Monday, September 24, 2012

Wolfsen Land & Cattle Co. v. Pacific Coast Federation

Sep 21: In the U.S. Court of Appeals, Federal Circuit, Case No. 2011-5113. Appealed from the United States Court of Federal Claims. The case involves a takings claim arising from the government's releases of water from a dam in central California. Downstream property owners sued in the Court of Federal Claims, alleging that the releases unlawfully impaired their property rights in the water and inundated their land.

    The Appeals Court indicates, "The government had released the water in accordance with a consent order entered by a district court and expressly approved by Congress. The consent order was the result of environmental litigation pursued over a number of years by certain groups interested in the ecological fate of the river. After the present lawsuit was filed, two of these groups moved to intervene as of right, arguing that this case implicated their interests. The Court of Federal Claims denied their motion, finding that the groups' interests were sufficiently aligned with the government's as to create no foundation for intervention. Wolfsen Land & Cattle Co. v. United States, 98 Fed. Cl. 507 (May 24, 2011) (Fed. Cl. Op.). We affirm."

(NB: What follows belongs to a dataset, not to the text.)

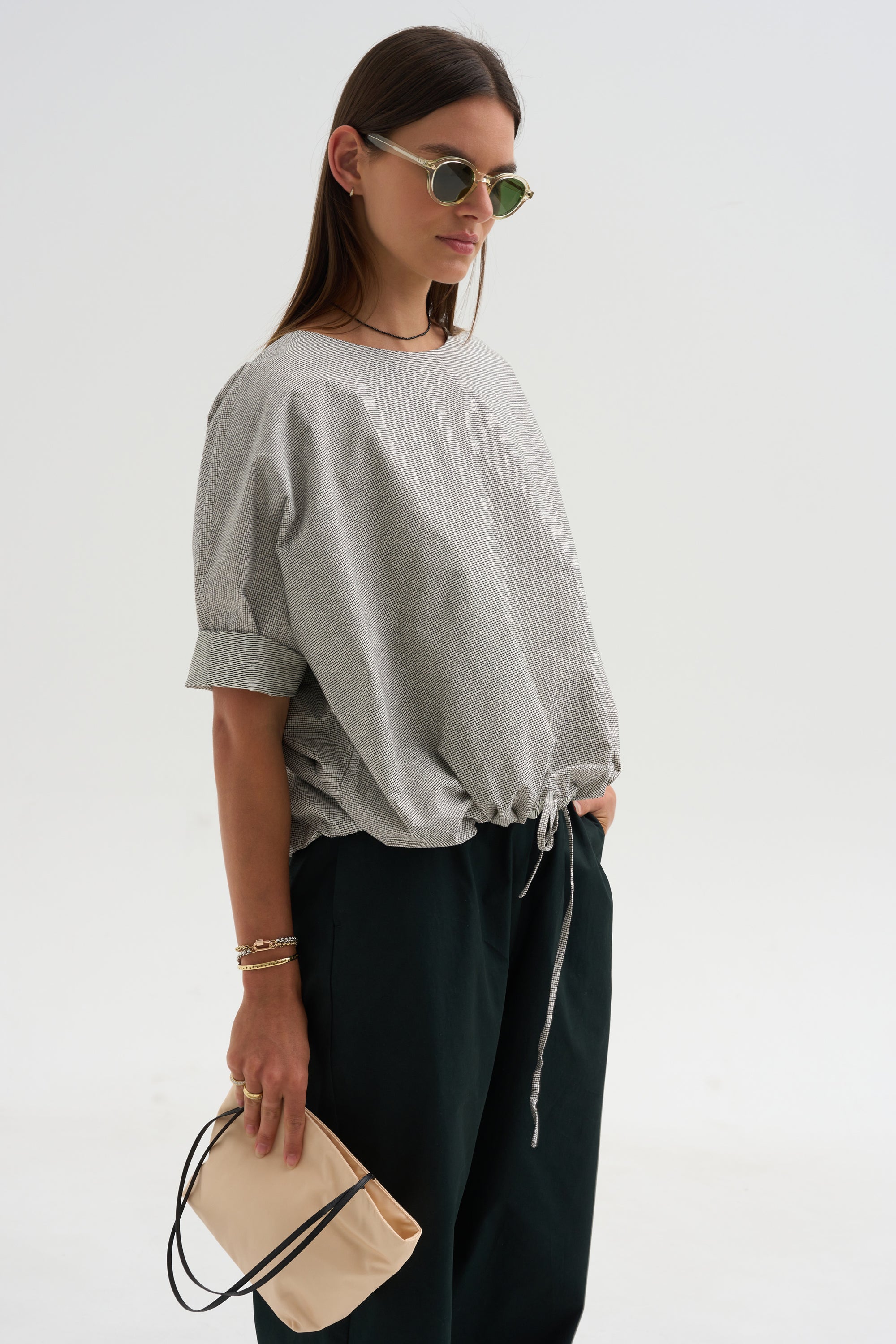 Shirt Printed Cotton, Black Net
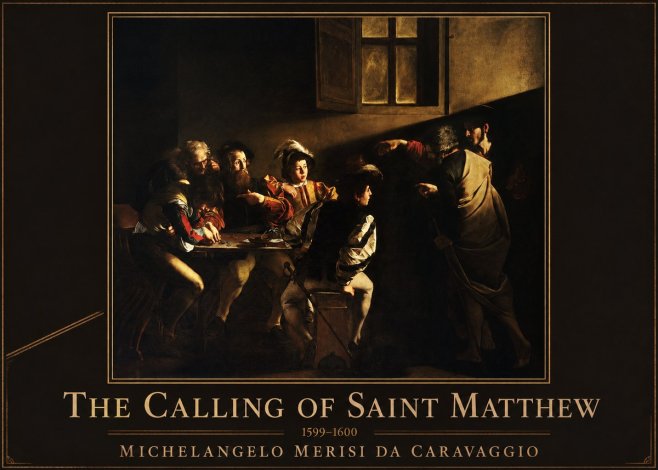 Michelangelo Merisi da Caravaggio The Calling of Saint Matthew I No1 - Póster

    The case background started in 1942, when the U.S. Bureau of Reclamation dammed the upper San Joaquin River near Friant, California. Friant Dam, which still operates today, generates electricity and collects water for agriculture. But it also caused portions of the river below to dry up, leading to the extermination of Chinook salmon and other species from areas they had previously occupied, as well as other ecological consequences.

    In 1988, a group of plaintiffs sued the federal government over the dam's operation. The Pacific Coast Federation of Fishermen's Associations and the Natural Resources Defense Council (collectively, PCFFA) were among them. They claimed that the dam's operation contravened various state and Federal environmental protection laws. For the next eighteen years, the parties litigated in the district court for the Eastern District of California. In 2006, they finally reached a settlement and releases have continued since, in accordance with the Litigation Settlement and the Settlement Act.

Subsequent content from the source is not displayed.